© JUNGE FREIHEIT Verlag GmbH & Co.  www.jungefreiheit.de    23/01 01. Juni 2001

 
Vom Scharmützel zum Bürgerkrieg
Mazedonien: Die ehemalige jugoslawische Teilrepublik am Abgrund / Am Ende könnte ein Groß-Albanien entstehen
Carl Gustaf Ströhm

Die jüngsten "Frontberichte" aus Mazedonien erinnern – der empfindsame Leser möge verzeihen – in fataler Weise an deutsche Wehrmachtsberichte über den Partisanenkrieg auf dem Balkan in den Jahren 1943/44. Da ist jetzt wie damals von "Mördern", "Banditen" und "Terroristen" die Rede, die es, koste es, was es wolle, auszuschalten gelte. Da werden, hauptsächlich von der mazedonischen Armee, immer neue "Siegesmeldungen" hinausposaunt – aber auf jeden "Sieg" folgt ein neues Aufflammen der Kämpfe.

Jeder militärisch einigermaßen beschlagene Beobachter der Kämpfe zwischen mazedonischer Armee und albanischen "Extremisten" (oder "Freiheitskämpfern"?), weiß, daß es sinnlos ist, mit Kanonen aus dem sicheren Tal in die Bergwände hineinzuschießen, wie das jetzt täglich geschieht. Es ist nämlich leichter, eine Stecknadel im Heuhaufen zu finden, als eine bewegliche, mit dem Gelände vertraute Truppe in den "Schluchten des Balkan" aufzuspüren. Hier gäbe es nur ein wirksames Mittel: Bergrücken für Bergrücken mit Infanterie durchzukämmen. Das aber müßte mit eigenen Verlusten – auch Toten! – bezahlt werden. Dazu sind aber weder die mazedonische Regierung noch erst recht Nato oder Kfor bereit.

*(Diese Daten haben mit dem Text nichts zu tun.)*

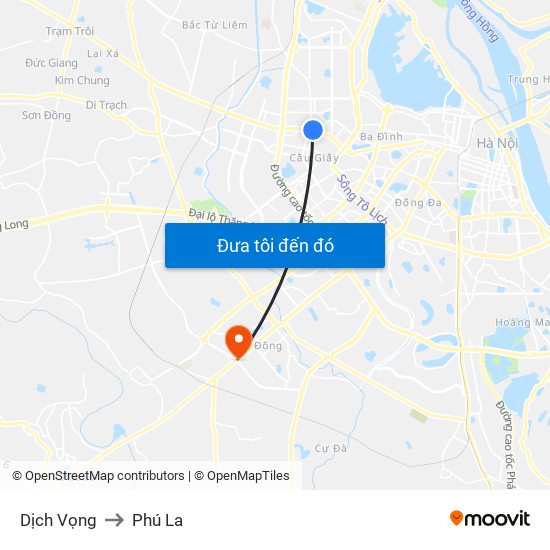 Dịch Vọng to Phú La map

Um eigene Verluste zu vermeiden, hat die Kfor-Truppe darauf verzichtet, selber in die bisherige "Pufferzone" zwischen Jugoslawien (Serbien) und dem Kosovo einzumarschieren, um dort die albanischen Freischärler trockenzulegen. Man überließ diese Aufgabe ausgerechnet der jugoslawischen (serbischen) Armee. Das brachte der Nato zwar für den Moment Erleichterung (Vermeidung eigener Verluste), heizte jedoch den Haß zwischen Albanern und Serben noch mehr an. Für diesen Haß aber wird dem Westen so oder so eines Tages die Rechnung präsentiert.

Der außenpolitische EU-Beauftragte Javier Solana lieferte in Skopje einen Beitrag von unfreiwilliger Komik, als er – ein trefflicher Beschwichtigungsrat – den "guten Willen" aller am Konflikt Beteiligten betonte, gleichzeitig aber zugab, daß "immer noch einige Differenzen bestünden". Inzwischen steht die auf westlichen Druck zustande gekommene mazedonische "Regierung der Nationalen Einheit" vor dem Zerfall. Die beiden Albanerparteien in der Regierung haben – offenbar mit Billigung des OSZE-Botschafters Robert Prowick – mit den UÇK-Rebellen verhandelt. Der Amerikaner mußte deshalb Mazedonien Hals über Kopf verlassen, und der mazedonische Premier Ljupco Georgijevski erklärte, man werde das Freischärlerproblem mit "militärischen Mitteln" lösen. Innenminister Ljube Borkowski bezeichnete den Konflikt gar als eine "aus den Kosovo importierte Krise mit kriminellem Hintergrund".

Das allerdings ist viel zu kurz gegriffen. Die jungen Albaner, die in den Bergen gegen die slawischen Mazedonier kämpfen, sind offenbar keine Landfremden, sondern entstammen der albanischen Volksgruppe aus Mazedonien. Wenn jetzt die Armee die von Albanern besiedelten Bergdörfer systematisch zusammenschießt, dann verhilft sie damit den "albanischen Extremisten" zu neuem Zulauf: die jungen Albaner, die sehen, wie die Häuser ihrer Landsleute – und womöglich ihrer eigenen Familie – in Flammen aufgehen, haben ein starkes Motiv, zu den Waffen zu greifen.

Hinzu kommt, daß es unter den Albanern ein Heer von Hunderttausenden junger Arbeitsloser gibt, die keine zivile Zukunftsperspektive haben. Man kann sie als Banditen und Kriminelle beschimpfen – aber damit ist das Problem nicht gelöst.